Text syntax covers a range of features, from the overall sequential organisation of texts and parts of texts to the `break-up' into media-specific organisational units such as pages (and, at a further level, files: the WWW convention is to have one page per file). Text syntax may be specified in any of a wide range of formal notations, including attribute grammars, or, if the text is `tree-structured', in terms of straightforward context-free phrase structure rules.
In the WWW environment for search in the Internet, the syntax of individual documents is specified in Hypertext Markup Language (HTML) . HTML is a specific application of the Standard Generalized Markup Language (SGML) . Other terms for `markup' are `annotation', `tagging', `labelling'. At the levels of morphology and sentence syntax, there exist `taggers', programmes for providing automatic grammatical or morphological markup, and for a number of languages, standardised `tagsets' have been developed and agreed on for this purpose.
There is no general convention for specifying hypertext structures in the WWW, however. This is a complicated matter, and for completeness would need to take browser and server properties into account as well as the properties of the text.

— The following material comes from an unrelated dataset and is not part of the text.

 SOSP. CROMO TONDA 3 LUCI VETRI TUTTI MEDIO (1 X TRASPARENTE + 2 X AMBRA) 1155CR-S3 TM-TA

A hypertext in the WWW environment may be a single page-file, with links between parts of the text on the page, or it may be a collection of pages linked as a tree or a graph, with links pointing to other page-files or to a graphics file or to a Java application. Page-files themselves are either HTML documents or plain text.
Starting from the bottom level of texts as a inscriptions in an object language, a text markup (traditionally known in linguistics as a structural description or SD) is a statement in a metalanguage such as HTML (LaTeX can also be seen as a markup language) about the object language text. The markup contains images of segments of the object text, and markup labels for these segments. The markup language HTML is described (defined) in SGML, a generic language for defining markup applications; HTML is an application designed for document markup in the WWW. SGML is a higher order metalanguage for describing (defining) markup languages. SGML itself is specified in a general data type definition language such as BNF (Backus Naur Form). The hierarchy of metalanguages is shown in the Figure.

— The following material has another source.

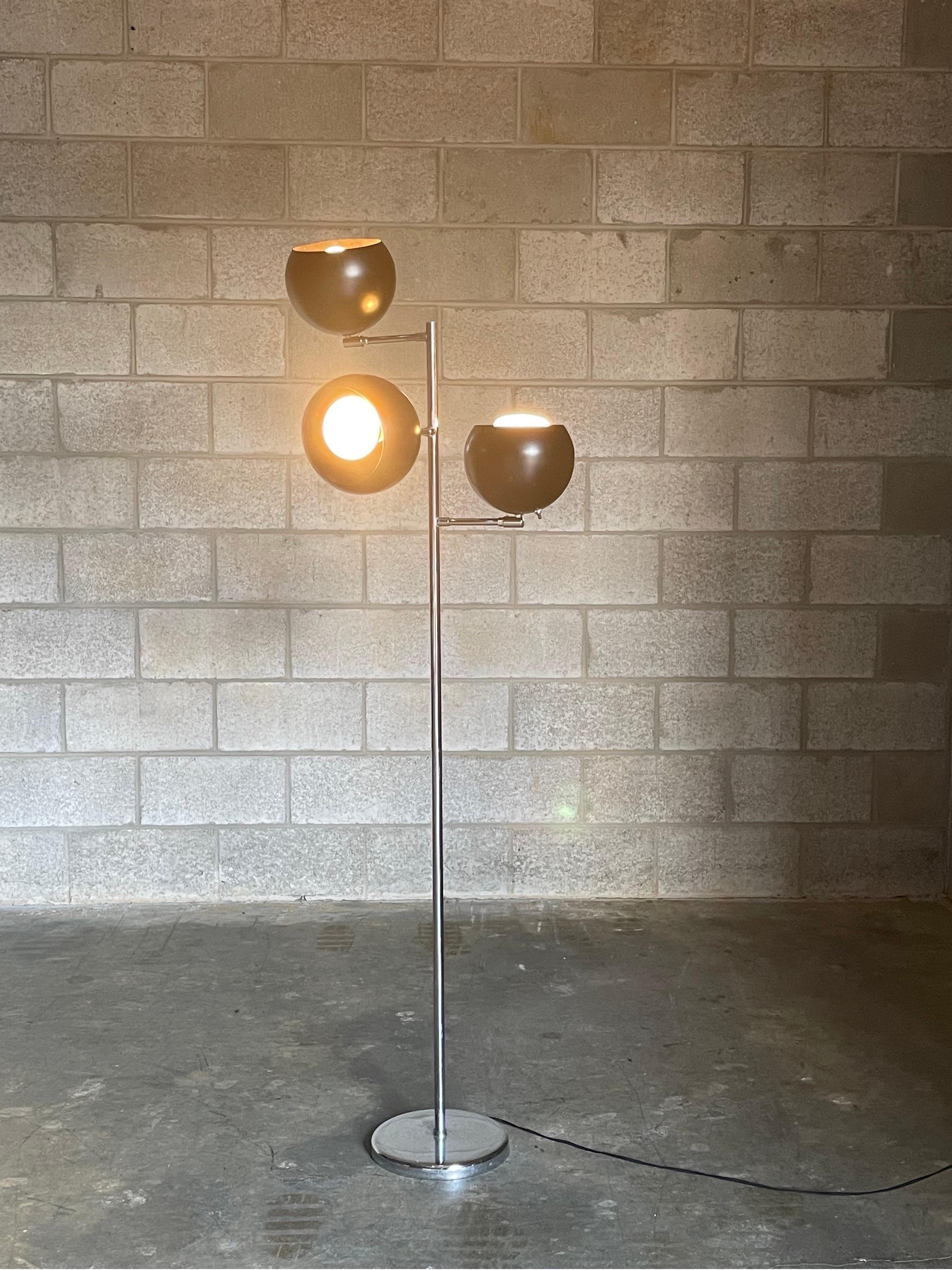 Koch and Lowy Three Arm, Triennale Style, Floor Lamp For Sale 1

Figure 1: Markup language hierarchy
A markup language hierarchy centring on SGML and HTML is not the only possible strategy for providing markup. There are many other conventions at Level 4, the Markup Level, for example for specifying sentence structures, or for dialogue transcription. Linguistic structural descriptions, for example, are markups.
Alternative techniques start with different specification conventions altogether and if a WWW document needs to be generated, translation into HTML is done automatically. Documents can be written in LaTeX, for example, and translated into a graph-structured set of HTML documents by means of the programme latex2html. I have experimented with representing hypertexts with a semantic network representation language (DATR) and translating these representations directly into HTML.
It is important to note that HTML does not prescribe possible structures above the individual document level, but allows arbitrary links between documents, and from positions within documents to positions within (possibly the same) documents. This is the most interesting area of hypertext syntax, however, and different genres of hypertext can be defined on the basis of different model-driven constraints on hypertext structure.